The Unstructured Platform API consists of two parts:

The Unstructured Platform Workflow Endpoint enables a full range of partitioning, chunking, embedding, and enrichment options for your files and data. It is designed to batch-process files and data in remote locations; send processed results to various storage, databases, and vector stores; and use the latest and highest-performing models on the market today. It has built-in logic to deliver the highest quality results at the lowest cost. Learn more.
The Unstructured Platform Partition Endpoint is intended for rapid prototyping of Unstructured’s various partitioning strategies, with limited support for chunking. It is designed to work only with processing of local files, one file at a time. Use the Unstructured Platform Workflow Endpoint for production-level scenarios, file processing in batches, files and data in remote locations, generating embeddings, applying post-transform enrichments, using the latest and highest-performing models, and for the highest quality results at the lowest cost. Learn more.

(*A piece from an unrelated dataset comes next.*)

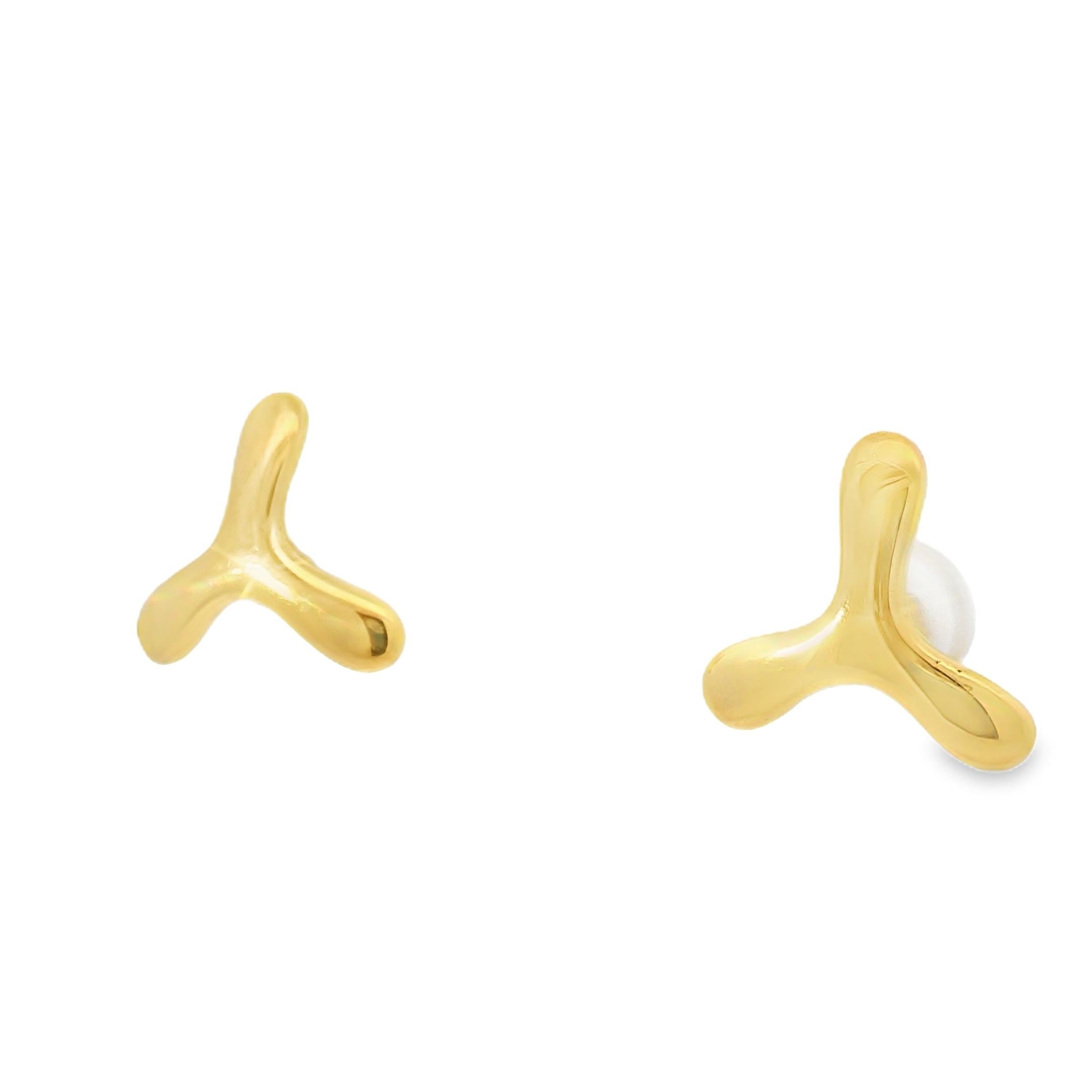 De las mujeres Pendientes Tiffany & Co Oro Amarillo 3 Caras 18 Quilates En Stock en venta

Here is a screenshot of some Python code that calls the Unstructured Platform Workflow Endpoint:

To start using the Unstructured Platform Workflow Endpoint right away, skip ahead to the quickstart.

Supported file types

Unstructured supports processing of the following file types:

By file extension:

File extension
`.bmp`
`.csv`
`.doc`
`.docx`
`.eml`
`.epub`
`.heic`
`.html`
`.jpeg`
`.png`
`.md`
`.msg`
`.odt`
`.org`
`.p7s`
`.pdf`
`.png`
`.ppt`
`.pptx`
`.rst`
`.rtf`
`.tiff`
`.txt`
`.tsv`
`.xls`
`.xlsx`
`.xml`

By file type:

Category	File types
CSV	`.csv`
E-mail	`.eml`, `.msg`, `.p7s`
EPUB	`.epub`
Excel	`.xls`, `.xlsx`
HTML	`.html`
Image	`.bmp`, `.heic`, `.jpeg`, `.png`, `.tiff`
Markdown	`.md`
Org Mode	`.org`
Open Office	`.odt`
PDF	`.pdf`
Plain text	`.txt`
PowerPoint	`.ppt`, `.pptx`
reStructured Text	`.rst`
Rich Text	`.rtf`
TSV	`.tsv`
Word	`.doc`, `.docx`
XML	`.xml`

Quickstart: Unstructured Platform UI

This quickstart uses a no-code, point-and-click user interface in your web browser to get all of your data RAG-ready. Data is processed on Unstructured-hosted compute resources.

The requirements are as follows.

A compatible source (input) location that contains your data for Unstructured to process. See the list of supported source types.
For document-based source locations, compatible files in that location. See the list of supported file types. If you do not have any files available, you can download some from the example-docs folder in the Unstructured repo on GitHub.
A compatible destination (output) location for Unstructured to put the processed data. See the list of supported destination types.

To sign up for the Unstructured Platform, go to the For Developers page and choose one of the following plans:

Sign up for a pay-per-page plan.
Save money by signing up for a subscribe-and-save plan instead.

If you’re not sure which plan to sign up for, start with a pay-per-page plan. You can always switch plans later.

If you choose a pay-per-page plan, after your first 14 days of usage or more than 1000 processed pages per day, whichever comes first, your account is then billed at Unstructured’s standard service usage rates. To keep using the service, you must provide Unstructured with your payment details.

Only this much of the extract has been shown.